Morre ‘a última rainha de Paris’, Jacqueline de Ribes, símbolo de elegância em extinção
Ela nasceu para ser dondoca, mas decidiu ousar e se tornou uma das mulheres mais bem-vestidas de todos os tempos
“Jacqueline de Ribes não era elegante, ela era a própria elegância” escreveu a revista francesa ‘Point de Vue’ ao anunciar a morte no dia 30 de dezembro, aos 96 anos, da condessa que gravou sua imagem na história da moda.
Nascida em Paris, neta de banqueiro, ela manifestou a paixão pela estética aos nove anos, quando pediu para visitar o ateliê do estilista Christian Dior.

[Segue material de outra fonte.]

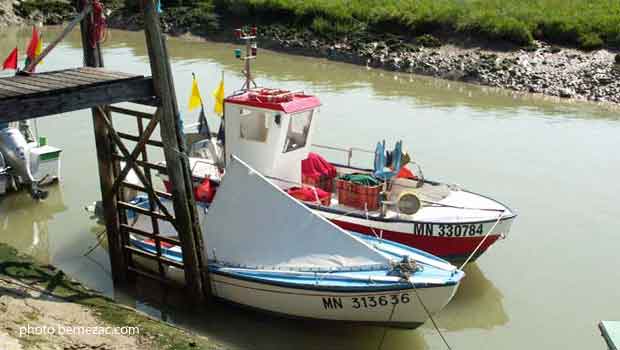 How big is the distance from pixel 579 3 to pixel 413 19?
8.52 meters

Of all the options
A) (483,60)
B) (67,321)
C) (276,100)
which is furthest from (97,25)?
(483,60)

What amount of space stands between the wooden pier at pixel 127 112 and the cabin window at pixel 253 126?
2434mm

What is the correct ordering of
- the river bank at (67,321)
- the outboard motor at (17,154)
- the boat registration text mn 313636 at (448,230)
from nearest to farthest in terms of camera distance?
1. the river bank at (67,321)
2. the boat registration text mn 313636 at (448,230)
3. the outboard motor at (17,154)

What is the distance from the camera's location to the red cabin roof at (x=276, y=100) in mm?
12055

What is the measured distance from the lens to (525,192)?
626 inches

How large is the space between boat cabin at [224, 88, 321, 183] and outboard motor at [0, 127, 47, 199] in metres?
4.70

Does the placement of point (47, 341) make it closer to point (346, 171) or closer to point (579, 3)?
point (346, 171)

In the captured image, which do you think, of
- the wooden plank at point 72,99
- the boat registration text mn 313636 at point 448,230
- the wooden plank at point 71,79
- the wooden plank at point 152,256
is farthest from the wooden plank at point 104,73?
the boat registration text mn 313636 at point 448,230

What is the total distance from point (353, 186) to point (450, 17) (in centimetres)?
2271

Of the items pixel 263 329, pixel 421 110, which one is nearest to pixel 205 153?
pixel 263 329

Pouco depois, sua família ficou refém de alemães nazistas na ocupação da França.
Aos 18, Jacqueline se casou com Edouard de Ribes, filho de conde e alto executivo. A união durou 65 anos, até a morte dele.
No começo da década de 1950, a jovem sofisticada que chamava a atenção nos salões parisienses passou a ser notada por editoras de revistas e fotógrafos celebrados.
Posou para as lentes de Robert Doisneau e Richard Avedon, que souberam valorizar a magreza e o nariz adunco. Não era explicitamente bela, porém, ganhava ares de esfinge.
Em 1985, Jacqueline lançou sua própria marca de roupas, incentivada por amigos costureiros, a exemplo de Yves Saint Laurent, Pierre Bergé e Emanuel Ungaro.
Sua elegância impressionou Valentino Garavani, que a definiu como “a última rainha de Paris”. Foi eleita a mulher mais bem-vestida do mundo em votação aberta. Jean-Paul Gaultier criou uma coleção de alta-costura inspirada nela, ‘Divine Jacqueline’.
Igualmente admirada nos Estados Unidos, ela ganhou uma exposição no Costume Institute do Metropolitan Museum de Nova York. Na época, seu rosto foi projetado na fachada do Empire State Building.
Jacqueline de Ribes usou a fama e a influência para arrecadar fundos para várias causas sociais, como cuidados com crianças doentes, tratamento de pacientes de câncer e manutenção de hospitais públicos. Foi também colunista da revista ‘Marie Claire’ e produtora de espetáculos teatrais.
Adeus ao Grand Monde
A morte de Jacqueline de Ribes representa a quase extinção da elegância clássica e dos grandes nomes da alta sociedade europeia, associados ao status aristocrático e ao poder de influência.
Hoje, a moda sobrevive graças ao ‘fast fashion’ divulgado por influenciadoras digitais, muitas vezes mais comprometidas com engajamento e metas comerciais do que com referências históricas e identidade própria.
A alta-costura ainda fascina, mas agoniza. Aliás, há cada vez menos festas onde se pode usar longo e smoking. Os grandes eventos (verdadeiros rituais) foram substituídos por celebrações pensadas para a fotografia instantânea, não para a memória.
As pessoas refinadas e cultas estão ofuscadas por gente que faz da ostentação e da quebra voluntária da privacidade um estilo de vida.
O prestígio social deixou de ser construído ao longo do tempo e passou a ser medido em número de seguidores e viralização.
A imprensa de moda, que ajudou a consagrar Jacqueline de Ribes, também mudou de papel. Revistas que antes formavam o olhar, educavam o gosto e narravam o futuro da moda, hoje lutam para sobreviver em meio aos ‘looks do dia’ e outros conteúdos descartáveis.
Em seu quase um século de vida, a condessa viu o mundo mudar — em variados aspectos, não foi para melhor.